Elle pose sa main sur la mienne mais je la retire aussitôt. Plusieurs larmes viennent perler le coin de ses yeux, et même si j'ignore qui elle est, je ressent un léger pincement au cœur.
- Je suis désolé, je m'excuse. Mais je ne sais pas qui tu es et c'est vraiment étrange que tu sois proche de moi comme ça.
- Louis, je suis ta petite amie.
Je plonge mes yeux dans les siens. Un sourire triste étire ses lèvres et je vois son menton trembler discrètement. Je me sens mal de savoir qu'elle est dans cet état à cause de moi mais pour moi, c'est comme une inconnue.
- Je suis désolé, je répète encore. Mais je ... Je n'ai aucun souvenirs de toi.
Elle s'effondre littéralement devant moi, en larmes. Je préfère détourner le regard. Je regarde le médecin, qui écrit encore sur son bloc. Il m'énerve.
- Pourquoi papa n'est pas là ?
Ma mère, dont je me souviens, est assise de l'autre côté du lit.
- Louis, elle commence la voix tremblante. Tu es resté dans le coma durant plus de cinq mois et pendant ce temps ... Ton père est ...
Elle cherche ses mots. Je regarde les autres mais tout le monde évite mon regard.
- Il est quoi ?
- Il est décédé, mon chéri.
- Qu... Quoi ?
Cette fois, toutes les personnes dans la pièce ont le regard vrillé sur moi. Mon ventre se tort, et mes yeux me piquent. J'ai froid, un frisson glacé traverse mon corps. J'ai envie d'hurler. Je veux rentrer chez moi. Même si je ne sais pas vraiment où c'est.
- Je veux sortir d'ici.
- Ce n'est pas possible, m'indique le médecin.
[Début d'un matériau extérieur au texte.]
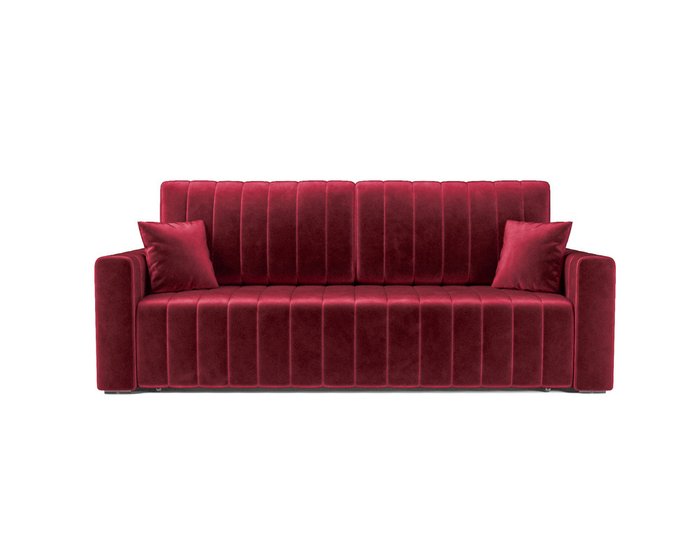 Прямой диван-кровать Лондон темно-красного цвета - купить Прямые диваны по цене 36790.0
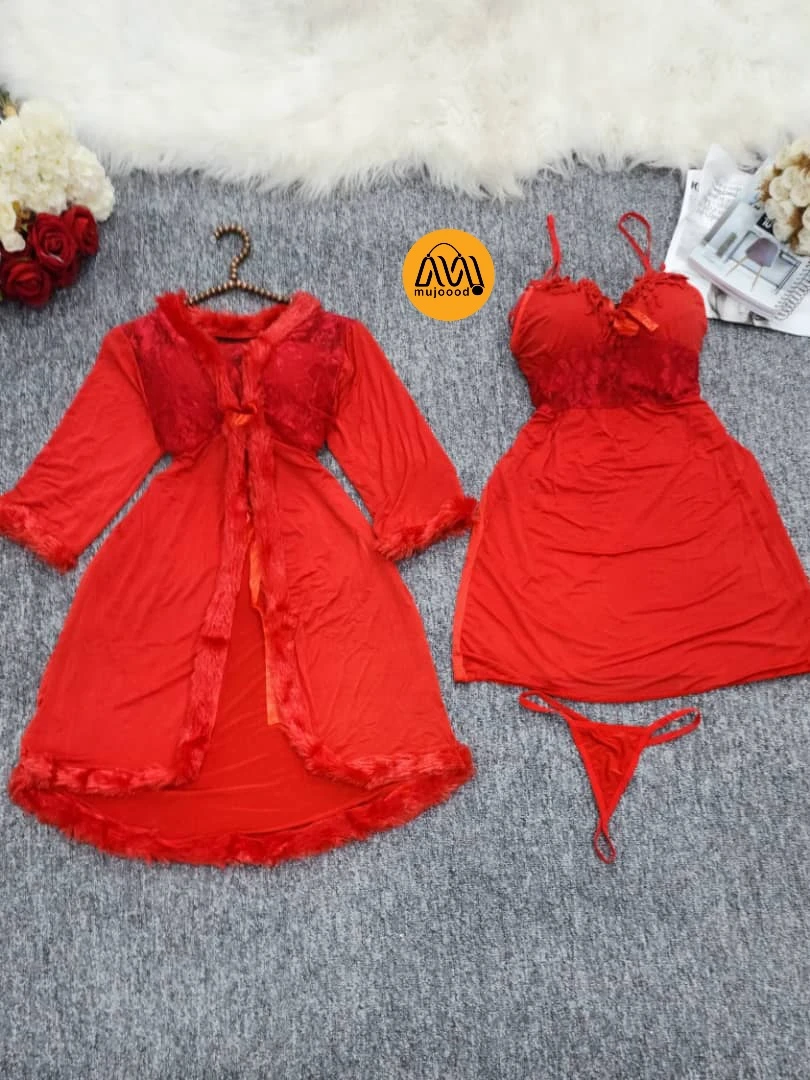 لانجري ليالي العمر ثلاث قطع ستن تركي فاخر شبك دنتل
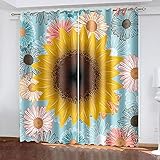YTSDBB Blickdichte Gardinen Verdunkelungsvorhang Blumen Farbe Kreativität B 110 x H 95 cm Thermovorhang Schlafzimmer Lichtundurchlässig stoff Lärmschutzvorhang für Junge Mädchen Wohnzimmer Teenag
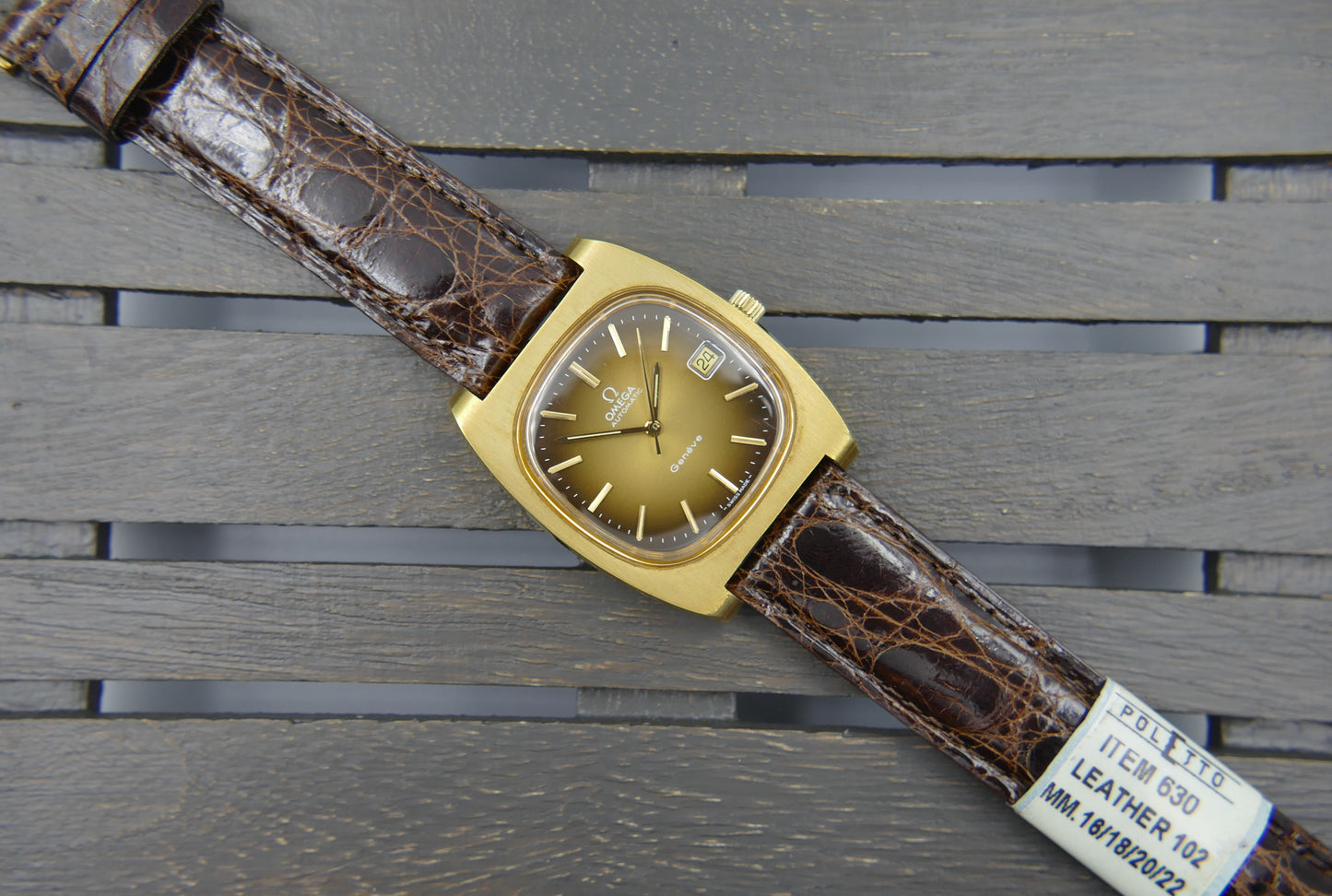 70's vintage watch mens Omega Geneve automatic cal. 1012 ref 166.0190 gold pl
- Tout le monde sort alors, je veux être seul.
- Mon chéri, commence doucement ma mère en caressant mes cheveux. Je la repousse sèchement.
- J'ai dis que je voulais être seul ! Je m'emporte brusquement.
Moi-même je me surprend à réagir de la sorte mais cependant, ça fonctionne et ils sortent tous. Sauf cet emmerdeur de docteur.
- Calmez-vous, Louis.
- Je me demande ce que vous n'avez pas compris. "Je veux" ou "être seul" ?
- Je suis désolé mais je dois finir votre examen. Ensuite je partirai.
- J'ai pas envie de vous parlez. Je me réveille à l'hôpital, entouré de personnes que je ne connais, et pour une raison que j'ignore. Ensuite j'apprend qu'en fait, si, je les connais mais que je les ai seulement oublié, tout comme certaine parties de ma vie. Vous me dîtes que j'ai failli mourir et ensuite, j'apprend la mort de mon père. Je n'étais même pas là pour ma mère, vous vous rendez compte ?
- Ce n'est pas votre faute.
- Je sais, mais je m'en veux.
- Ecoutez, plus vite vous répondrez à mes questions et plus vite je partirais.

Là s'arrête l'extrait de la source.